今年六月には、住民税の定率減税半減とともに、公的年金等控除の縮小、老年者控除の廃止、低所得高齢者の非課税限度額の廃止が庶民を襲いました。これによって五百万人以上に及ぶ高齢者が増税になりました。その影響は、国民健康保険料や介護保険料の引き上げに及んでいます。
自民・公明内閣はすでに、〇七年には所得税・住民税の定率減税の廃止(所得税は一月、住民税は六月)を国民に押し付けることを決めています。定率減税全廃による増税は三・三兆円です。〇七年度予算に向けた議論では、子育て中の単身世帯を考慮した生活保護の母子加算全廃ももくろまれています。
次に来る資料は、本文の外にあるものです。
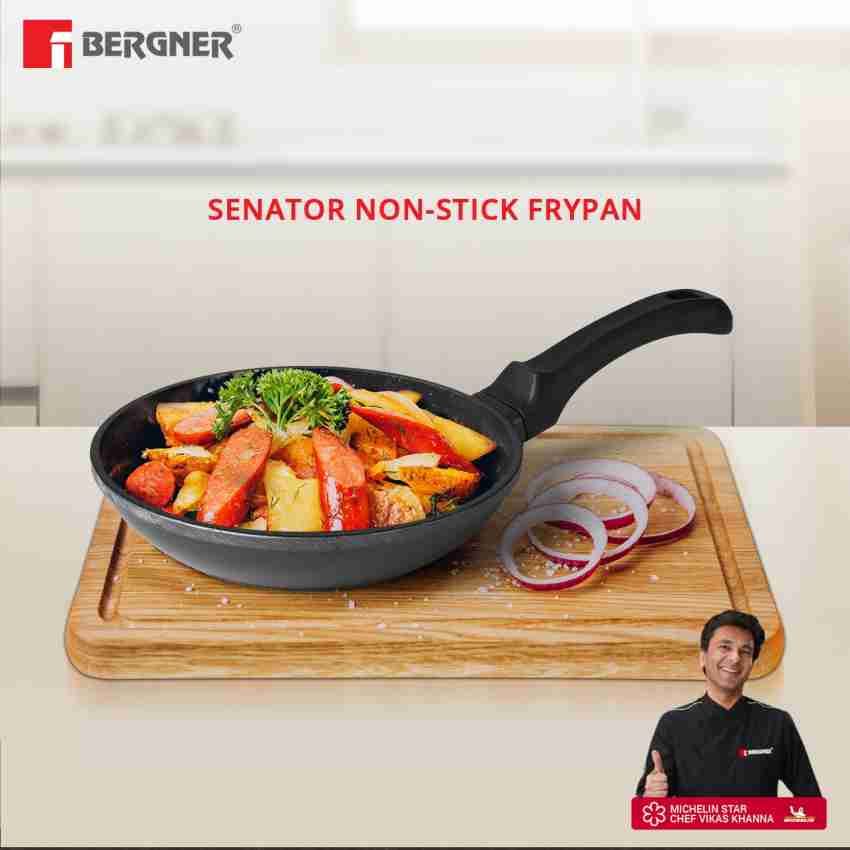 Buy Bergner Non-Stick Cookware Set - Tawa, Kadhai, Fry Pan with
さらに安倍首相は、来年秋以降に消費税増税に向けた議論を本格化させる構えです。
マスコミも批判
庶民に増税を押し付ける一方で、いっそうの大企業減税をすすめようとする安倍自民・公明政権に、マスコミも批判の声を上げています。
「安倍政権の『血税大ペテン』」。『週刊ポスト』十一月二十四日号はこう見出しを掲げ、安倍政権の経済政策を「庶民には大増税、大企業にはバラマキを」という“正体”がはっきり見えてきたと断じました。
また、『週刊ダイヤモンド』は「法人税減税というエゴ」と題したコラムを掲載。この中で「消費税増税は目前で、個人の負担増が明白な今、論理怪しげな法人税減税は企業エゴにしか映らぬ」とのべています。
さらに、週刊誌の『アエラ』(十一月二十七日号)は、「経済界べったりの横暴 企業減税は消費税にツケ」との見出しで、「企業減税はいずれブーメランのように消費税増税に跳ね返る」と報じました。
定率減税廃止をはじめとした庶民大増税はやめ、空前の利益をあげる大企業に応分の負担を求めることこそ必要です。